Daniel Noboa has opted for a direct strategy: on-the-ground contact, interviews, and mobilizing his base as "ambassadors". His call is clear: convince door-to-door, step out of the comfort zone, and win new votes to consolidate his centrist project that prioritizes stability and governance.
Meanwhile, Luisa González has relied on indigenous movements aligned with correísmo and promises that contrast with the history of the Citizen Revolution. She offered a mining moratorium and prior consultations, despite the fact that during Correa's government —of which she was a part— these measures were not approved and indigenous protests were repressed.
Both candidates reached this stage with a minimal difference: Noboa with 4,527,606 votes (44.17%) and González with 4,510,860 (44%). The rest, more than a million votes, came from fourteen candidacies now out of the race.
Additionally, more than 2.4 million citizens did not vote, and more than a million cast blank or null ballots. That disengaged or skeptical electorate represents an opportunity to tip the balance in this second round.

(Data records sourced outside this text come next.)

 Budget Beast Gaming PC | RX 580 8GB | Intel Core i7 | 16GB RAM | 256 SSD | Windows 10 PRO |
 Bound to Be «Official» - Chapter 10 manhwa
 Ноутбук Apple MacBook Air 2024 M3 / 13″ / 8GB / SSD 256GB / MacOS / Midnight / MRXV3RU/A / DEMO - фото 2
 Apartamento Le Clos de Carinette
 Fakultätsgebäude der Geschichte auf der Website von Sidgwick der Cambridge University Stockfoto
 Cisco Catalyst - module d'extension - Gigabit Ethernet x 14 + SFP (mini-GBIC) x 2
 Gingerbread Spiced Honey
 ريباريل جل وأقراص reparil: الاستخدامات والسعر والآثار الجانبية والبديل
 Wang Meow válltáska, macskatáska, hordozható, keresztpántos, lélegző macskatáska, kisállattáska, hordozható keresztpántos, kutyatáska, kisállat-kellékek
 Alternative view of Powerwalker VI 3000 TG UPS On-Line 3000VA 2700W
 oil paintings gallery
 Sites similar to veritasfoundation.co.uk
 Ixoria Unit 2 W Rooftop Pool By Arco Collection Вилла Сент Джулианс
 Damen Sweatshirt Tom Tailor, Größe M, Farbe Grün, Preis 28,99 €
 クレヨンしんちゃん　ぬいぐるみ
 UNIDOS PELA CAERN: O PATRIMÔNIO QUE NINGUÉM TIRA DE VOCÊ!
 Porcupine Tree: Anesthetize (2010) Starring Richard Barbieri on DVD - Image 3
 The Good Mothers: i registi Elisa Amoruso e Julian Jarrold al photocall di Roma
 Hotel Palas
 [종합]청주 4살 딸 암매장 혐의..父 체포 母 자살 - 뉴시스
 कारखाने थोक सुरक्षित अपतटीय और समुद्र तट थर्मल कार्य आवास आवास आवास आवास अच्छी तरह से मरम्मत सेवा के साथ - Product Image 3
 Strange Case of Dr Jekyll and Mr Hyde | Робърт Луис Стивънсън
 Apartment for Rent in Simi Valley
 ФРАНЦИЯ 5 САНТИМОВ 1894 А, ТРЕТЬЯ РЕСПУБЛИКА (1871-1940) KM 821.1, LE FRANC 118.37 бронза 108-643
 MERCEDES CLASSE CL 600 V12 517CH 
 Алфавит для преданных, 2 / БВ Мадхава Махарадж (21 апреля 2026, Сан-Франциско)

While Noboa seeks to consolidate his narrative of responsible change, González tries to woo the fragmented left, even with contradictory alliances. This Sunday she plans to sign an agreement with Leonidas Iza, former presidential candidate of Pachakutik, whose support is questionable by the indigenous base, given the history with correísmo. Tension rises and emotions dominate the final speeches before the electoral silence. The key will be how effective the strategies are in mobilizing those who still do not feel represented by either.
In this final stretch, the contest between Noboa and González is defined by the ability to attract voters orphaned by the system. With a past that weighs on correísmo and an emotional campaign underway, Noboa emerges as a renewing option against the return of old practices.